PROBLEM STATEMENT >> Starting at the top of the listing, extract every line up to and including the one with "Hi, in this". Pictures stay out of the copy.

RECORDED INFORMATION >>
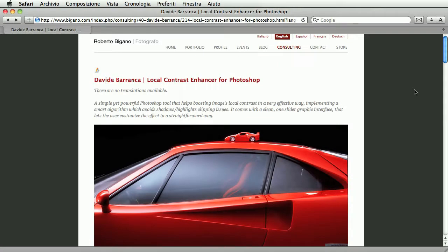Hi and welcome to this Local Contrast Enhancer for Adobe Photoshop video. This first one is kind of a quick start guide. We will cover the basic use and the interface. A video about advanced tweaking and masking will follow.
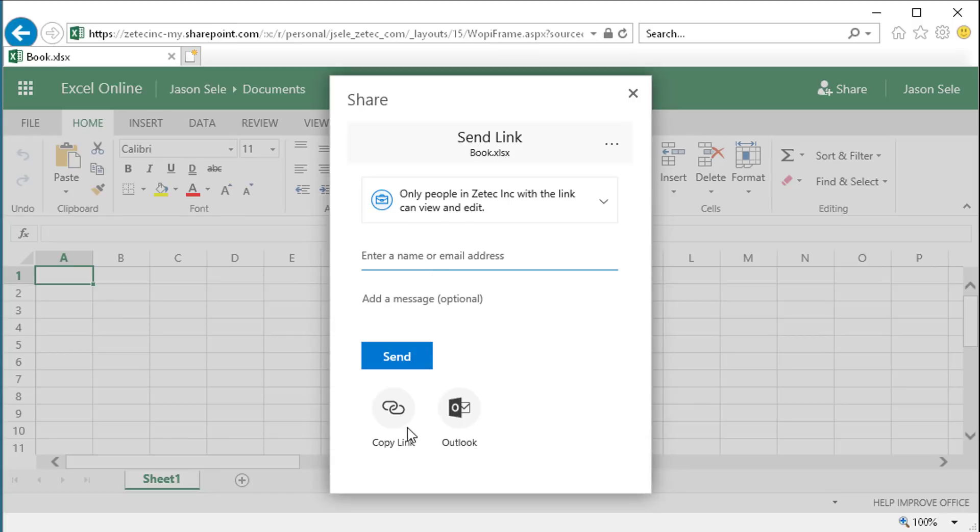You can also send them a copy of the link or attach this as an Outlook email and send it to them that way. Once they access that file they'll be accessing the same file that you're sharing.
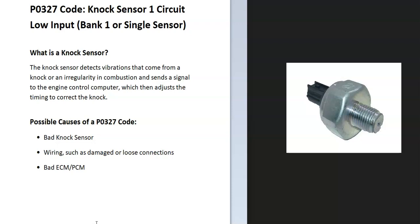And what is the knock sensor? Well, the knock sensor detects vibrations that come from a knock or irregularity in combustion and sends a signal to the engine control computer, which then adjusts the timing to correct the knock. So basically the cylinders need to fire at the correct time, and if they're not firing at the correct time, they'll send out a knock or a vibration. And if the knock sensor detects this, it sends a signal to the onboard computer, which adjusts the timing until the knocking goes away. And this helps keep the engine running the best it possibly can.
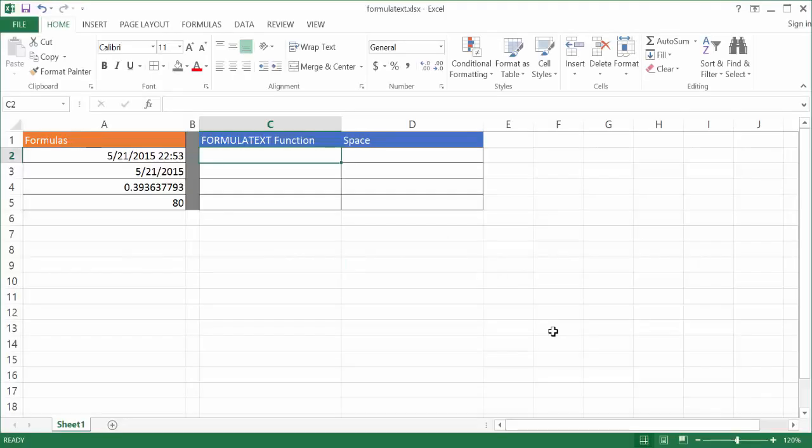Hi, in this video I'm going to show you how to use the FORMULATEXT function. Now what the FORMULATEXT function does is it returns back a formula in a string.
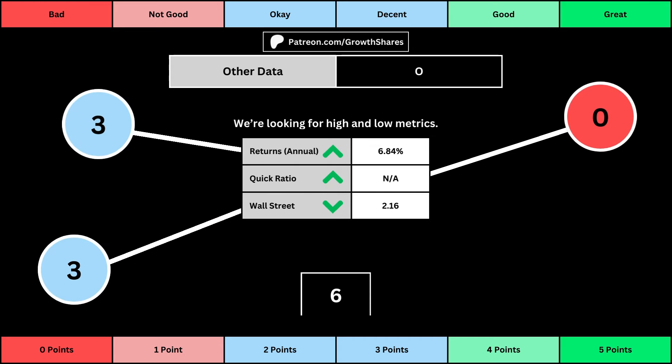The fourth set of metrics looks into other relevant data. First is the stock's performance over a set period of time — usually 10 years, but if the stock doesn't go that far back, we go with the earliest data up to 10 years. The quick ratio is basically how easy it is for the business to pay off its short-term obligations — we want that high so that it's easy to get rid of those debts. And then Wall Street is the average consensus rating Wall Street analysts give the stock, from a strong buy of 1 to a strong sell of 5. Again, the better values get a higher point total.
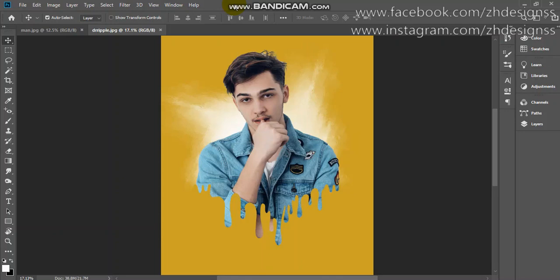Welcome back to my channel, Explode the Adobe. This is Sunara Hanif and in this tutorial I am going to show you how you can easily create this dripping effect. So let's start it.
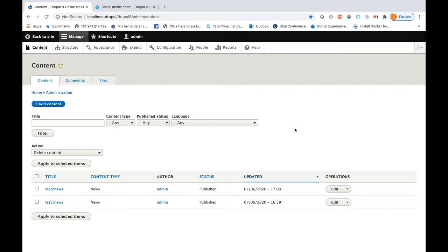Hi friends, welcome back to my Drupal class. In today's class I will be taking one use case to show you how to create a blogging functionality. Blogging functionality is very popular among different websites nowadays, and using Drupal 7 or Drupal 8 you can easily build this blogging functionality.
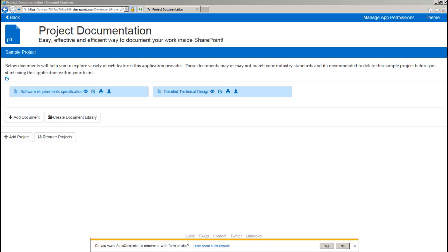Hi, I'm Rahul Prabhune and I'm going to take you through an overview on project documentation add-in. This application is completely isolated and does not talk to any external services.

REPLY TO THE TASK >>
Hi and welcome to this Local Contrast Enhancer for Adobe Photoshop video. This first one is kind of a quick start guide. We will cover the basic use and the interface. A video about advanced tweaking and masking will follow.
You can also send them a copy of the link or attach this as an Outlook email and send it to them that way. Once they access that file they'll be accessing the same file that you're sharing.
And what is the knock sensor? Well, the knock sensor detects vibrations that come from a knock or irregularity in combustion and sends a signal to the engine control computer, which then adjusts the timing to correct the knock. So basically the cylinders need to fire at the correct time, and if they're not firing at the correct time, they'll send out a knock or a vibration. And if the knock sensor detects this, it sends a signal to the onboard computer, which adjusts the timing until the knocking goes away. And this helps keep the engine running the best it possibly can.
Hi, in this video I'm going to show you how to use the FORMULATEXT function. Now what the FORMULATEXT function does is it returns back a formula in a string.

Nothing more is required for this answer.